*** Provided entries ***
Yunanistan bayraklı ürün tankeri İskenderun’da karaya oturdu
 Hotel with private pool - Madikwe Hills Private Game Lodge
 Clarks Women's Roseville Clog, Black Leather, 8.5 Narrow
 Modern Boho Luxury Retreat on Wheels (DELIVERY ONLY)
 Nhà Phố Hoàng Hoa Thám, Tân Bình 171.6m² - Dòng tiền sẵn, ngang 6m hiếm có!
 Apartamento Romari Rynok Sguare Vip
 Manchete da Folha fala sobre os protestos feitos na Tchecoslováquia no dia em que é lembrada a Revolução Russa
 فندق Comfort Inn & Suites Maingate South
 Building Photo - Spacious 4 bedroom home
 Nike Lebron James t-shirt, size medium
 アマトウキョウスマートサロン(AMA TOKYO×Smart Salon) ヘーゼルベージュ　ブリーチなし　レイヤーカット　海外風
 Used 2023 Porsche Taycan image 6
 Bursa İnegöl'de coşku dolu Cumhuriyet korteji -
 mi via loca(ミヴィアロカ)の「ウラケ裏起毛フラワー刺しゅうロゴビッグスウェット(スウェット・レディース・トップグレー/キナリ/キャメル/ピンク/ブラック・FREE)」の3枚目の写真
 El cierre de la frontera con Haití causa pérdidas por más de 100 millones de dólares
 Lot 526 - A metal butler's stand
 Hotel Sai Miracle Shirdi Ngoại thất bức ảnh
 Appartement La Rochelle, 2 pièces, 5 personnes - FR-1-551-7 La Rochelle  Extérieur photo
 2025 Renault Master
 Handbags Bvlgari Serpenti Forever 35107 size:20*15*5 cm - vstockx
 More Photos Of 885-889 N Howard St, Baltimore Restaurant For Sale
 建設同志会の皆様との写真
*** End of Provided entries ***
Count of lines with the string "size" in the material above: give that number only.

Task solution: 2